Qu'en est-il si mon enfant est obsessif/compulsif? Votre enfant se plaint-il que son cerveau n'arrête pas assez longtemps pour qu'il puisse s'endormir? Une technique dont vous pourriez faire l'expérience est l'utilisation d'un appareil de télévision dans la chambre à coucher. Parfois, une émission télévisée peut servir de facteur de distraction pendant assez longtemps pour que le corps de l'enfant se détende et glisse vers le sommeil. Pour que cette stratégie soit efficace, les composantes suivantes sont très importantes.

  • Utilisez un téléviseur doté d'une minuterie qui peut être programmée pour éteindre l'appareil après une période précise (p. ex. une heure). Ainsi, l'enfant n'est pas réveillé plus tard dans la nuit par le bruit. Si cette technique donne de bons résultats pour votre enfant, la longueur de temps durant laquelle le téléviseur est allumé peut être réduite.
  • Le choix de l'émission est crucial : il devrait s'agir d'une émission qui produit peu de stimulation (c.-à-d. sans qu'il y ait beaucoup d'explosions et d'excitation). L'émission devrait également être très prévisible, soit parce que sa structure est toujours la même (comme la façon dont l’émission La Loi et l’Ordre suit toujours la même formule), soit parce que son contexte est familier à la personne (une émission ou un épisode qu’elle a  regardé à maintes reprises). En soi, le simple fait de savoir ce qui se passera ensuite au cours de l'émission est réconfortant et contribue à détendre l'enfant.

Qu'en est-il si mon enfant est aux prises avec le trouble déficitaire de l'attention avec hyperactivité (TDAH)?
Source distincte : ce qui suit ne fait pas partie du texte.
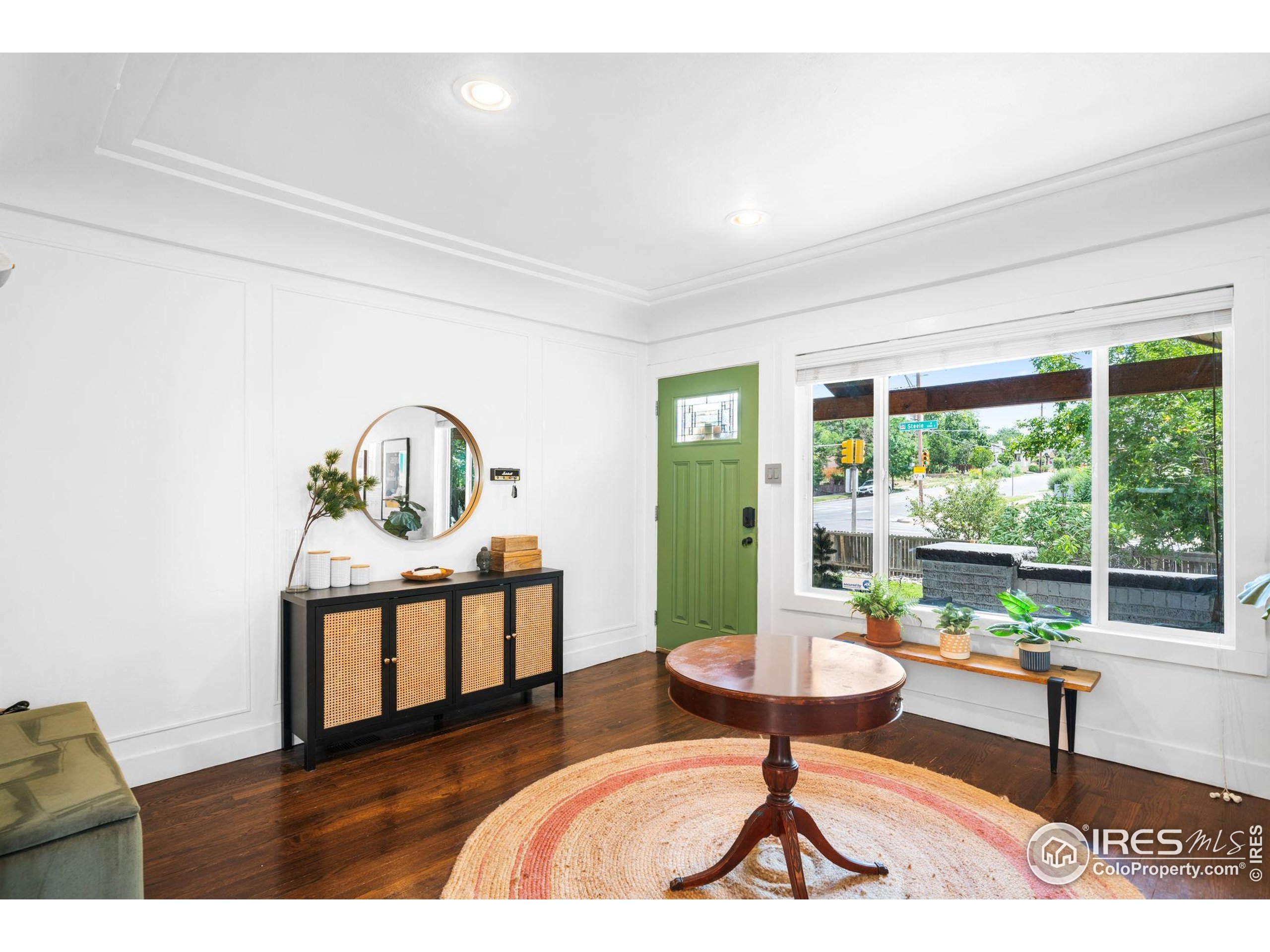 3359 Steele Street Denver, CO 80205 - Photo 13 of 48 a living room with furniture a window and a table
Faites place à la nécessité de routines plus longues que la normale. Compte tenu des problèmes qu'ont les  enfants souffrant du TDAH en ce qui concerne la régularisation de leurs niveaux d'énergie, il est plus important de surfer sur leurs « vagues » (lorsque leur niveau d’énergie est faible et qu'ils s’assoupissent, NE les réveillez PAS pour leur faire exécuter une routine). Si votre enfant prend un médicament stimulant, sachez que certaines doses prises plus tard au cours de la journée peuvent nuire au sommeil. Assurez-vous de parler à votre médecin et/ou votre pharmacien au sujet de l'administration appropriée de ce médicament.
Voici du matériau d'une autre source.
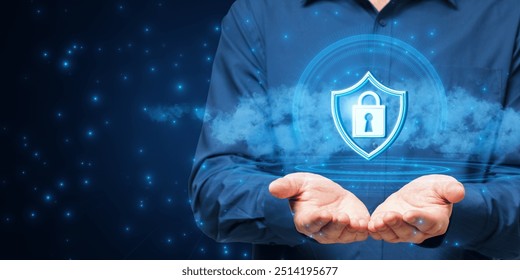 Person holding a holographic lock and shield icon, representing cybersecurity, on a blue background with digital elements. Concept of online protection - Powered by Shutterstock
Primes additionnelles — meilleurs freins, moins de maux de tête! Une façon d'éviter les luttes pour le pouvoir concernant l'utilisation de ces techniques est d’expliquer aux enfants « ce qu'ils ont à gagner ». Les arguments concernant  l'heure à laquelle les lumières sont éteintes peuvent facilement sembler aux enfants comme simplement une autre façon dont un adulte leur dit quoi faire. Assurez-vous que ce n'est pas le cas — non seulement les freins de ces enfants fonctionneront-ils mieux le lendemain s'ils dorment plus longtemps (comme une batterie qui est en train de se recharger), mais des recherches récentes donnent à entendre qu'une saine hygiène du sommeil peut réduire la fréquence et la durée des accès de migraine (Bruni, Galli, et Guidetti, 1999).
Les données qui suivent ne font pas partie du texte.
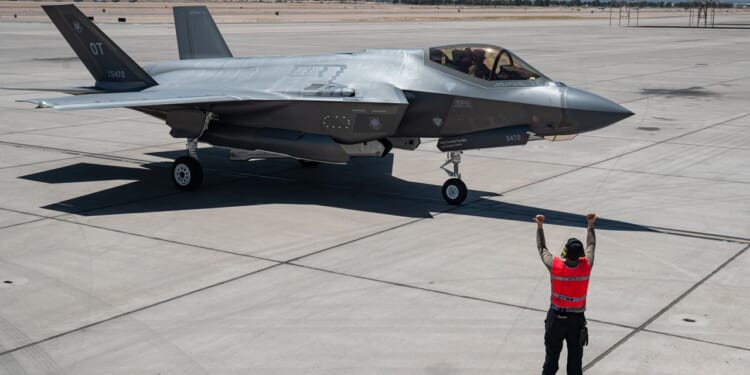 An aircraft marshal guides an F-35 fighter jet on the tarmac.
Un dernier point : Dans le cas d’un enfant qui est génétiquement prédisposé à des troubles du sommeil, ces techniques ne sont pas un « remède » au problème. Elles créent plutôt un environnement qui permet à l'enfant de dormir selon un horaire régulier en dépit de ses tendances naturelles. Les ampoules électriques brillent fortement jusqu'à ce qu'elles brûlent, ce qu'elles sont conçues pour faire — ce n'est qu'en les reliant à une minuterie qu'elles suivront l'horaire que nous établissons, sans qu'il soit nécessaire d'intervenir. Pour cette raison, vous ne devriez pas être étonné si des problèmes refont surface après une certaine perturbation de l'horaire (attribuable, par exemple, à une maladie ou à des vacances). Considérez cette perturbation comme une panne de courant sur la minuterie — de la même manière qu'une ampoule retournerait à ses tendances naturelles, ainsi font les enfants. Nous devons simplement réinitialiser la minuterie avant de pouvoir nous attendre à ce que l'ampoule électrique (ou l'enfant!) suive à nouveau l'horaire que nous souhaitons.

Si vous désirez plus de détails que ceux qui sont fournis ici, un excellent livre à lire est Sleep Better! A Guide to Improving Sleep for Children with Special Needs, de M. V. Mark Durand, psychologue.